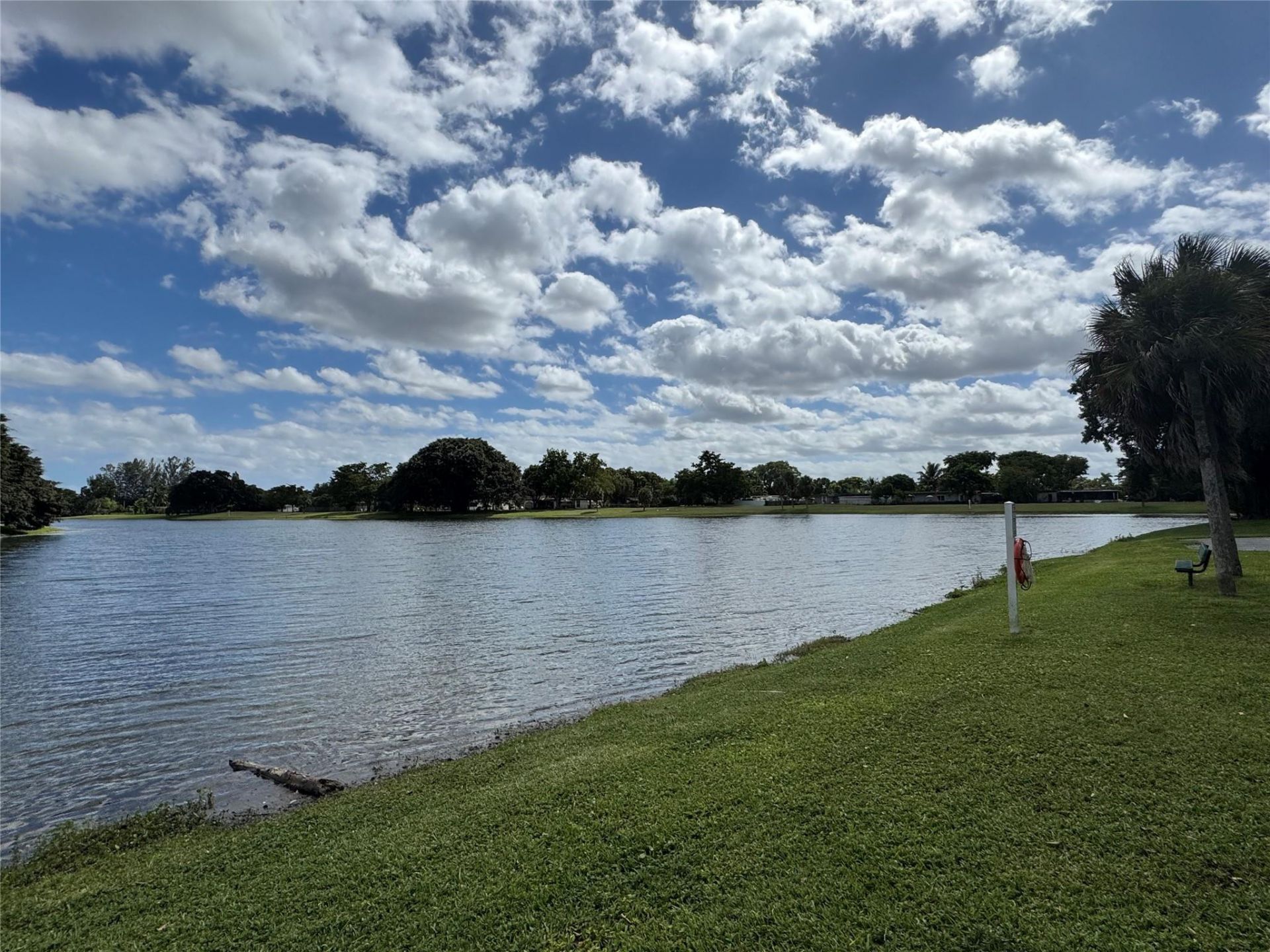 8212 NW 74th Terrace, Tamarac, FL 33321 Photo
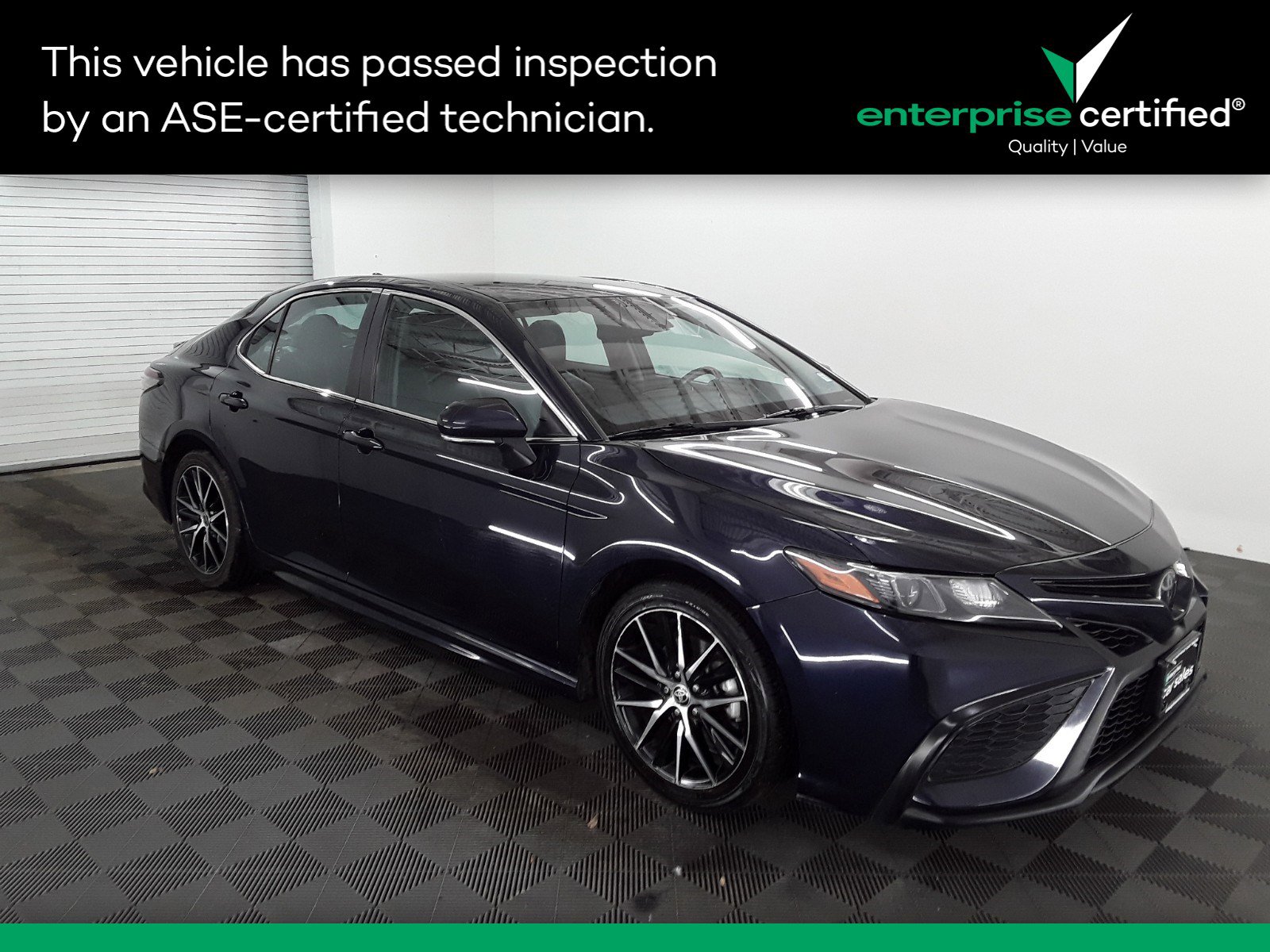 2022 Toyota Camry SE Auto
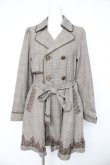画像1: axes femme / 裾刺繍トレンチ風コート  ブラウン Y-26-02-11-107-AX-CO-SZ-ZY (1)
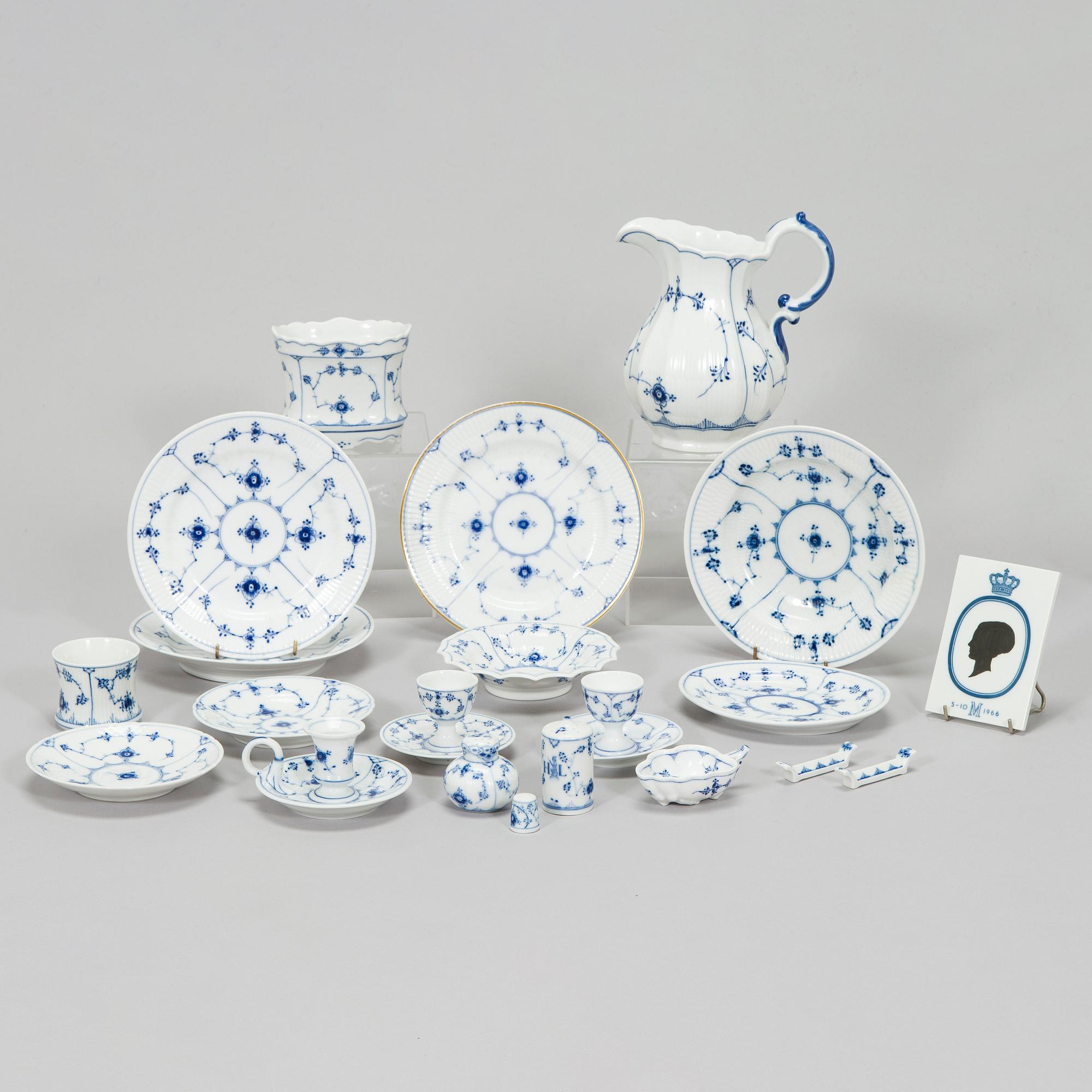 Royal Copenhagen, A 66-piece service "Blue Fluted, Full Lace and Half Lace', Denmark.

### [WORK ORDER]
Omitting the pictures, write out the material above exactly as it stands.

### [WRITTEN RESPONSE]
 8212 NW 74th Terrace, Tamarac, FL 33321 Photo
 2022 Toyota Camry SE Auto
画像1: axes femme / 裾刺繍トレンチ風コート  ブラウン Y-26-02-11-107-AX-CO-SZ-ZY (1)
 Royal Copenhagen, A 66-piece service "Blue Fluted, Full Lace and Half Lace', Denmark.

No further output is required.